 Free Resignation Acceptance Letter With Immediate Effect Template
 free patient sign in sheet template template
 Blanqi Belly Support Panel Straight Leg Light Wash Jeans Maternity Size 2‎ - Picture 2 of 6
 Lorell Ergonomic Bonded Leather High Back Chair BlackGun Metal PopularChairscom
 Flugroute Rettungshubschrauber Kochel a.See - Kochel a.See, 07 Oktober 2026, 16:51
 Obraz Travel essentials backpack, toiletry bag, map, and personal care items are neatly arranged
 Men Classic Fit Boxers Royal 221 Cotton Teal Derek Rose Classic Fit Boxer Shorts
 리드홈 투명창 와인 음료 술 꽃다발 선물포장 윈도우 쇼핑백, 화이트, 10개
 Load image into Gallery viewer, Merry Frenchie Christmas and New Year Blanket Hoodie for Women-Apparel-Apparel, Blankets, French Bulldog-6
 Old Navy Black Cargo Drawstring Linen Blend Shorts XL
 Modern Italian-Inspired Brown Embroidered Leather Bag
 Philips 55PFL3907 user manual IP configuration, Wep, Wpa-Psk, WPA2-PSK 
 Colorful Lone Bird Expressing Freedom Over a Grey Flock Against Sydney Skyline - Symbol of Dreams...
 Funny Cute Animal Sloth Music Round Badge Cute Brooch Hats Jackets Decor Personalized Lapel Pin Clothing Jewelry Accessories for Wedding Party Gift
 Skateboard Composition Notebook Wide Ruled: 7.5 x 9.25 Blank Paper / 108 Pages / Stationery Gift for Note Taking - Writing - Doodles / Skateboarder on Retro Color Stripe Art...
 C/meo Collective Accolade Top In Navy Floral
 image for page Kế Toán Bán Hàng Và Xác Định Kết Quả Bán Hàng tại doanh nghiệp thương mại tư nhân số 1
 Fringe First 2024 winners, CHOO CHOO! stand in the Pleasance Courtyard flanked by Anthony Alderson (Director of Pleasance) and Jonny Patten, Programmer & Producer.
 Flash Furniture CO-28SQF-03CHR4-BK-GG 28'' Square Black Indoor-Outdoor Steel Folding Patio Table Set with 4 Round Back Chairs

____

What you should do
Give back the data exactly.

Answer for this exercise
 Free Resignation Acceptance Letter With Immediate Effect Template
 free patient sign in sheet template template
 Blanqi Belly Support Panel Straight Leg Light Wash Jeans Maternity Size 2‎ - Picture 2 of 6
 Lorell Ergonomic Bonded Leather High Back Chair BlackGun Metal PopularChairscom
 Flugroute Rettungshubschrauber Kochel a.See - Kochel a.See, 07 Oktober 2026, 16:51
 Obraz Travel essentials backpack, toiletry bag, map, and personal care items are neatly arranged
 Men Classic Fit Boxers Royal 221 Cotton Teal Derek Rose Classic Fit Boxer Shorts
 리드홈 투명창 와인 음료 술 꽃다발 선물포장 윈도우 쇼핑백, 화이트, 10개
 Load image into Gallery viewer, Merry Frenchie Christmas and New Year Blanket Hoodie for Women-Apparel-Apparel, Blankets, French Bulldog-6
 Old Navy Black Cargo Drawstring Linen Blend Shorts XL
 Modern Italian-Inspired Brown Embroidered Leather Bag
 Philips 55PFL3907 user manual IP configuration, Wep, Wpa-Psk, WPA2-PSK 
 Colorful Lone Bird Expressing Freedom Over a Grey Flock Against Sydney Skyline - Symbol of Dreams...
 Funny Cute Animal Sloth Music Round Badge Cute Brooch Hats Jackets Decor Personalized Lapel Pin Clothing Jewelry Accessories for Wedding Party Gift
 Skateboard Composition Notebook Wide Ruled: 7.5 x 9.25 Blank Paper / 108 Pages / Stationery Gift for Note Taking - Writing - Doodles / Skateboarder on Retro Color Stripe Art...
 C/meo Collective Accolade Top In Navy Floral
 image for page Kế Toán Bán Hàng Và Xác Định Kết Quả Bán Hàng tại doanh nghiệp thương mại tư nhân số 1
 Fringe First 2024 winners, CHOO CHOO! stand in the Pleasance Courtyard flanked by Anthony Alderson (Director of Pleasance) and Jonny Patten, Programmer & Producer.
 Flash Furniture CO-28SQF-03CHR4-BK-GG 28'' Square Black Indoor-Outdoor Steel Folding Patio Table Set with 4 Round Back Chairs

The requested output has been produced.